En France, ce point précis n'a pas encore atteint une telle démesure, mais le système n'en reste pas moins verrouillé par un problème de même nature. Depuis 1995, le candidat qui a emporté les élections présidentielles disposait toujours du plus gros budget (sauf en 2012, où François Hollande n'avait que le second). À l'inverse, les postulants aux petits financements végètent bien souvent en queue de peloton.
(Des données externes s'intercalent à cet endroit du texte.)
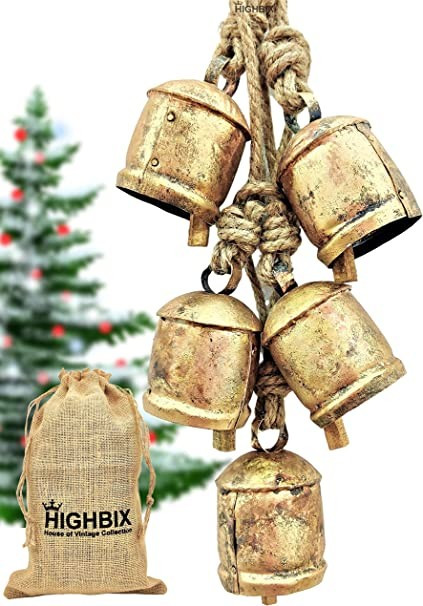 HIGHBIX 10cm Large Rustic Vintage Lucky Round Cow Bells On Rope Wall Hanging Décor (5) | Amazon (US)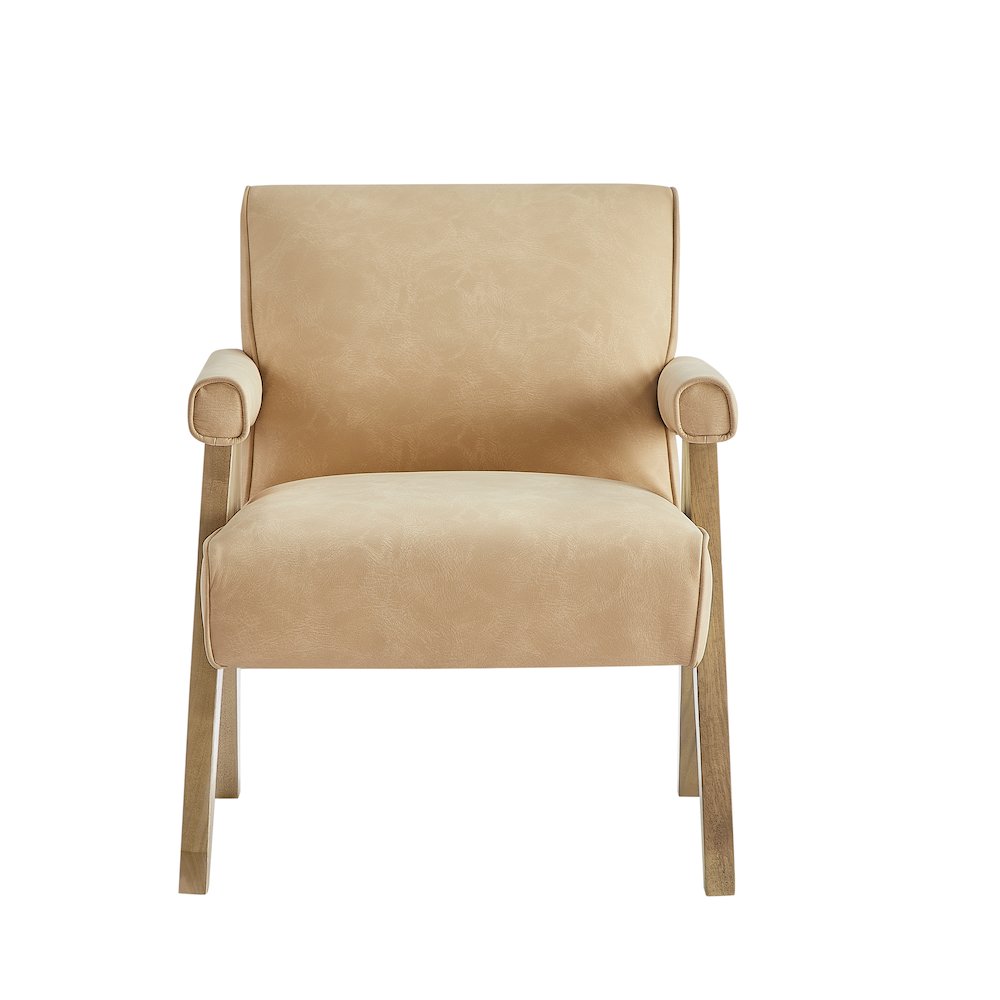 Navassa Modern Faux Leather Arm Chair - Sand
Il ne faut cependant pas non plus simplifier la situation au point d'affirmer qu'il s'agirait du seul critère ; on a également vu certains candidats avec un soutien pécuniaire important avoir des résultats désastreux comme Benoît Hamon en 2017 ou Valérie Pécresse et Anne Hidalgo en 2022. D'autres ont parfois réussi à faire de jolies percées en comparaison de leurs faibles moyens, comme Olivier Besancenot en 2007 ou Jean Lassalle en 2022, sans pour autant s'approcher du second tour.
L'emprise immense des médias
Malgré tout, au-delà des campagnes électorales, les puissances de l'argent disposent d'autres leviers pour influer sur les résultats des scrutins. Le plus redoutable d'entre eux reste sans aucun doute celui des médias de masse.
De fait, ce n'est pas pour rien si la grande majorité d'entre eux a été rachetée par des milliardaires. Pour les plus aisés, peser sur l'opinion demeure une absolue nécessité. En faisant triompher un candidat dont les idées iraient dans le sens de leurs intérêts, ils sont ainsi sûrs de voir leurs affaires prospérer.
À ce titre, la campagne électorale de 2017 représente sans doute le meilleur exemple. En effet, à l'époque, le parti pris était quasi unanime pour Emmanuel Macron. Un phénomène qui expliquait d'ailleurs pourquoi un quasi-inconnu du grand public avait réussi à atteindre le poste suprême en seulement quelques mois.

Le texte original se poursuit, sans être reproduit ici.